После окончания всех ремонтных работ и доведения своего «гнезда» до зеркального блеска, мы с Аней расплатились со всеми долгами, и у нас потекла весьма счастливая жизнь. В конце 1964 года Аня родила дочь. В общем, все шло как надо. Но ведь всем известно, что счастье не может продолжаться бесконечно долго.
25 апреля 1966 года мы решили навестить своих родителей. Аню с ребенком я отправил на такси к ее родителям на улицу Хамида Алимджана, а сам поехал на двухколесном «Росинанте» к своим родителям на улицу Жуковского, причем мы с Аней договорились о том, что каждый из нас проведет данную ночь у своих родных. А ночь эта оказалась совсем необычной: грянуло знаменитое ташкентское землетрясение. Квартиру моих родителей растрясло весьма серьезно, но никто из нас троих, к счастью, не пострадал.
Я тут же сел на «железного коня», поехал на квартиру родителей Ани.

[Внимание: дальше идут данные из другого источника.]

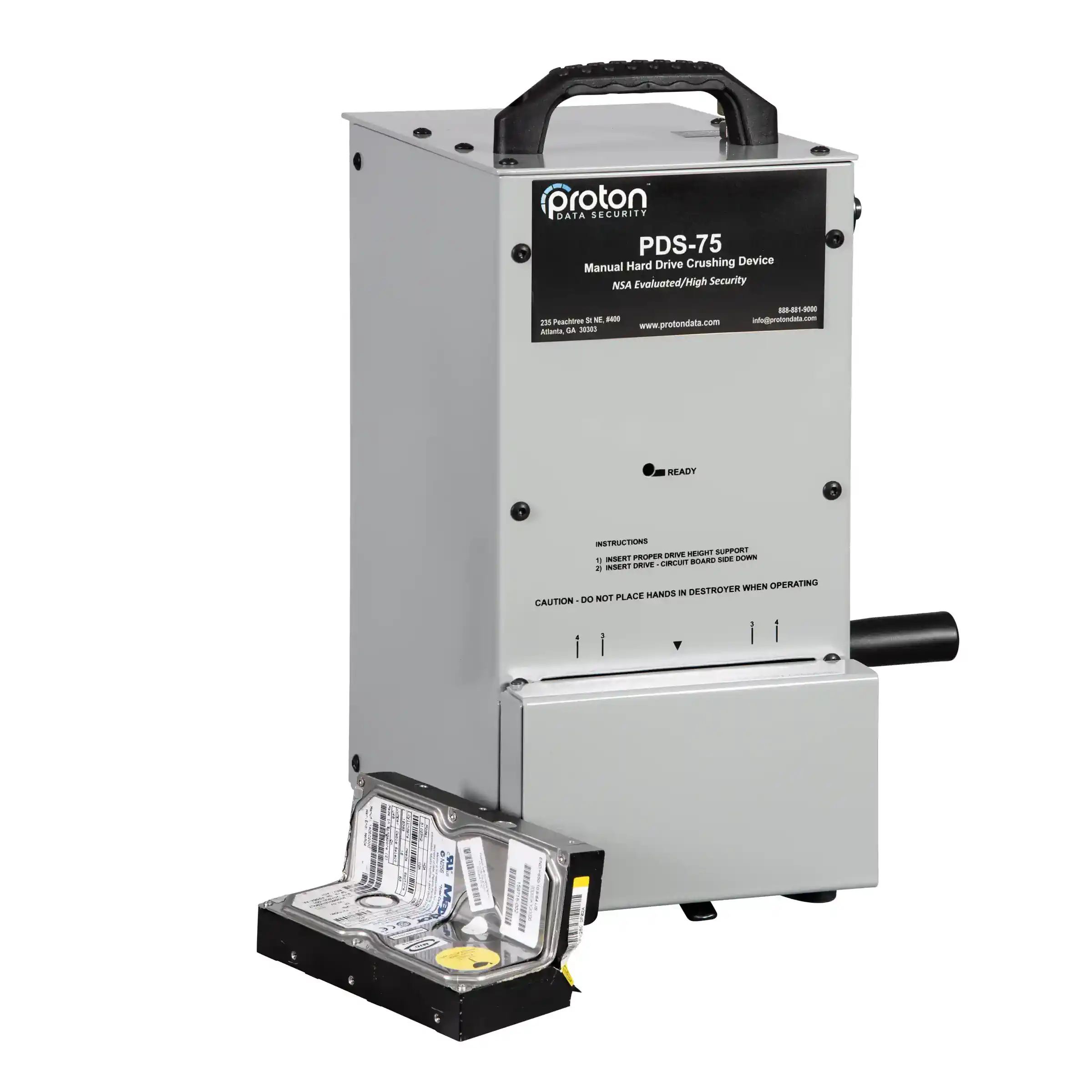 Destructor manual de discos duros Proton PDS-75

Там тоже никто не пострадал, да и повреждения квартиры были не столь значительными, по сравнению с квартирой моих родителей. Мы с женой сели на нашего «Росинанта» и поехали на Сибзар, в наше «семейное гнездо», чтобы выяснить, насколько сильно оно пострадало от воздействия мощных подземных толчков.

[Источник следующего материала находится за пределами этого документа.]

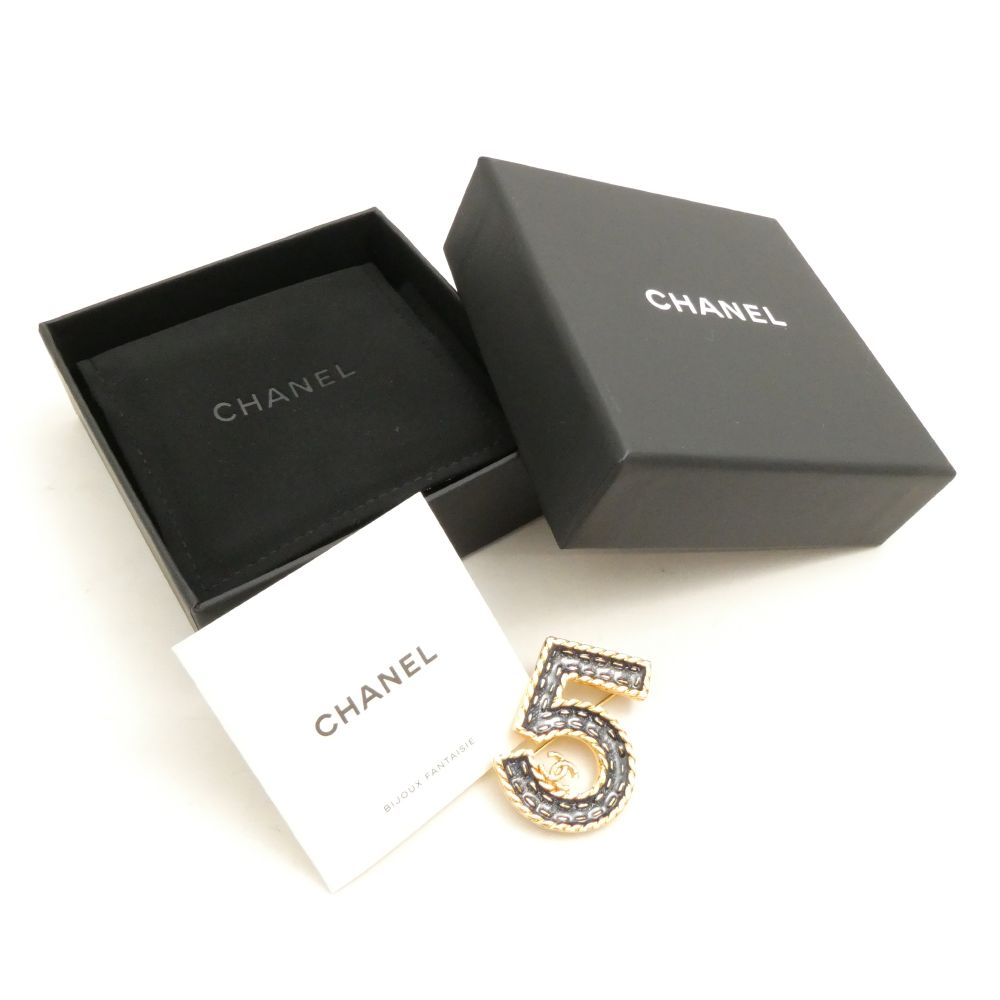 未使用 CHANEL シャネル ピン ブローチ 1点 No.5 ココマーク レディース AM6924 【中古】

Мы ехали по кратчайшему пути, через Алайский базар, а затем по улице Лахути, и именно на этой улице мы увидели чрезвычайно серьезные последствия землетрясения. Почти у всех одноэтажных домов, расположенных вдоль этой улицы, фронтальные стены обрушились на тротуар, идущий параллельно проезжей части, в результате чего было видно, как в разрезе, внутреннее убранство квартир, в то время как все насмерть перепуганные обитатели этих жилищ, в одном исподнем белье, сгрудились на проезжей части улицы. Это было совершенно жуткое зрелище, чувствовалось, что именно где-то рядом и находился эпицентр произошедшего землетрясения.
Когда мы приехали, наконец, в наш двор, то, к огромному счастью, узнали о том, что жертв среди его жителей не было. С другой стороны, мы сразу поняли, что «байский» дом пострадал до такой чудовищной степени, что жить в нем нам уже не доведется никогда. Вскоре соответствующая комиссия подписала акт о том, что данный дом восстановлению не подлежит, всем семьям выдали «гарантийные письма», в которых было обещано получение в скором будущем новых квартир взамен утраченных в результате этого стихийного бедствия, и мы трое вновь переехали к Аниным родителям. Я с огромным скептицизмом отнесся к обещаниям «гарантийного письма» относительно получения в недалеком будущем нового жилья, вспоминая темпы строительства домов в предыдущее время.
Однако, вскоре вся наша единая могучая страна пришла на помощь попавшим в беду ташкентцам. В наш город нескончаемым потоком стали прибывать поезда со всех концов Советского Союза со строителями, строительной техникой и строительными материалами. В разных частях города начали появляться кварталы новых многоэтажных жилых домов, предназначенных для их заселения теми жителями города, которые лишились жилья в результате землетрясения. И я окончательно понял, что недалек тот счастливый день, когда и наша семья тоже «отоварит» свое гарантийное письмо, заселившись в новый дом. К великому нашему удовольствию, я не ошибся. Огромное спасибо за это нашей единой тогда стране!